Barely scraping a living, Yakubu’s job is to take care of the uncompleted flat for the owner before construction is complete. “I have called the owner and informed him,” he tells HumAngle, his shoulders slumped.
Like Zachariah’s relatives, he too had been contacted by the kidnappers on Friday. They had informed him that his family was with them and that they (the abductors) would call again.
So far, several residents have noticed the visits paid by the police and military to the Gimbiya community. “Police are aware,” Yakubu says. “They came, took photographs and the names of my family members.”

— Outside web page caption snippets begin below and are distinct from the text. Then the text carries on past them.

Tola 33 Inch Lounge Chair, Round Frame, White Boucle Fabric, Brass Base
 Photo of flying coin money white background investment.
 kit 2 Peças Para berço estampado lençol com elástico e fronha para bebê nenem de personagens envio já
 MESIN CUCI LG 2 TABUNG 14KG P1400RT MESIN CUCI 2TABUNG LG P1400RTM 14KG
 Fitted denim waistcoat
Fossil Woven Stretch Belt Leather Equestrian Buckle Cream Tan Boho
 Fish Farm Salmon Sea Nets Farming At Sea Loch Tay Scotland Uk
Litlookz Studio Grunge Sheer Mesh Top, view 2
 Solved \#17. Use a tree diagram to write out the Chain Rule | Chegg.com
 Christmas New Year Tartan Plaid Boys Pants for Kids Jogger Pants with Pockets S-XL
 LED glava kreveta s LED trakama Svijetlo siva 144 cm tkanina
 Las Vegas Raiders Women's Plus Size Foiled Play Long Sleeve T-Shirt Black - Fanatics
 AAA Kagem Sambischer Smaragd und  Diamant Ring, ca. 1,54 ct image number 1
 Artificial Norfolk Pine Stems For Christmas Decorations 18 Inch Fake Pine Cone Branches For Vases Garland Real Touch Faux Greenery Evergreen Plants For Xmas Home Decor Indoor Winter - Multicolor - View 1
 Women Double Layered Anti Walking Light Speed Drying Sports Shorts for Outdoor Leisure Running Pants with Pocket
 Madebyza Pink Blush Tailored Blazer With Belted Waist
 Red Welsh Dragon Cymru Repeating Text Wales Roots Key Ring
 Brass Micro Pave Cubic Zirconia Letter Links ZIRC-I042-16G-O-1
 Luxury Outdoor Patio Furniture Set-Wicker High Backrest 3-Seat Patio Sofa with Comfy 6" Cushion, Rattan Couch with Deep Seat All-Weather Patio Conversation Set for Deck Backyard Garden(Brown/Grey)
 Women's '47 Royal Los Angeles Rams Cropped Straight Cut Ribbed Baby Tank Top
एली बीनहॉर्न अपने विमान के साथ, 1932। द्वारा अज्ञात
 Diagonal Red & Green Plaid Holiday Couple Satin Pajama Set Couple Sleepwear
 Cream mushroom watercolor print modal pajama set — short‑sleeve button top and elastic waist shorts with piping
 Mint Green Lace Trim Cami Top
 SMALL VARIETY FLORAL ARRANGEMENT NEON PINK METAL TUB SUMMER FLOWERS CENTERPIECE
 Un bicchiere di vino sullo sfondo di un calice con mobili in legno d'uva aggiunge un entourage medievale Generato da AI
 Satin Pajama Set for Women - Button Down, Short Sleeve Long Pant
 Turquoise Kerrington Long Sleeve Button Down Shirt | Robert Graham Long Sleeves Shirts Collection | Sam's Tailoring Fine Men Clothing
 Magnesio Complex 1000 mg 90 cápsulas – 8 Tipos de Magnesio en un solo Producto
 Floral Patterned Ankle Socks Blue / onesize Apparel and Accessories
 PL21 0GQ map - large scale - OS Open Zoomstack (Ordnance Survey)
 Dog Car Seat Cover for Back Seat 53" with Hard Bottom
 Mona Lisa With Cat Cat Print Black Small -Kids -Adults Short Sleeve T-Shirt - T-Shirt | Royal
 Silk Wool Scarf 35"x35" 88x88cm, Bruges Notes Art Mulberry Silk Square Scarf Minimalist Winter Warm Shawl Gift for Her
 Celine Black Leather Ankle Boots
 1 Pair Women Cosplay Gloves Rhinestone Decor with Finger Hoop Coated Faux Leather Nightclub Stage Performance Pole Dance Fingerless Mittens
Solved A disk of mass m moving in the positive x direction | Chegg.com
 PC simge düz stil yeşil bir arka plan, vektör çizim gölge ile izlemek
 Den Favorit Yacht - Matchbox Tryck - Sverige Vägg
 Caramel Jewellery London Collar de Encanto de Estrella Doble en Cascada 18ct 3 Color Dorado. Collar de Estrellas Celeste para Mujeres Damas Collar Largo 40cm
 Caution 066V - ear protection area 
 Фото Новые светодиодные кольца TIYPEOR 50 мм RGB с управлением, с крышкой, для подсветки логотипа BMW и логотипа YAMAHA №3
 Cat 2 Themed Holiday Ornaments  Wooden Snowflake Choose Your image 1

Yakubu is not the only husband and father pining away. Linus’s voice shakes as he talks about coming to an empty home after the news that armed men had captured his wife and four children. He had been out of town and was still in shock. Sympathisers pour in and out of his house and he sits there, nodding and mumbling in response.
Like other houses, with high fences and gates, Ben’s (surname withheld) brother’s house shows forced entry. Bullet holes in the gate smashed room windows and a shattered car windscreen. Ben’s brother, his three children, the oldest aged only eight, were also kidnapped. Only the wife and mother were left behind.
“They called on Friday and asked for a hundred million. We’re expecting their call,” Ben says, his expression sober as he cleans bits of glasses off the family’s car.
Residents say there is already a movement of people out of Gimbiya, which is near Sabon Tasha, a suburb within Kaduna city.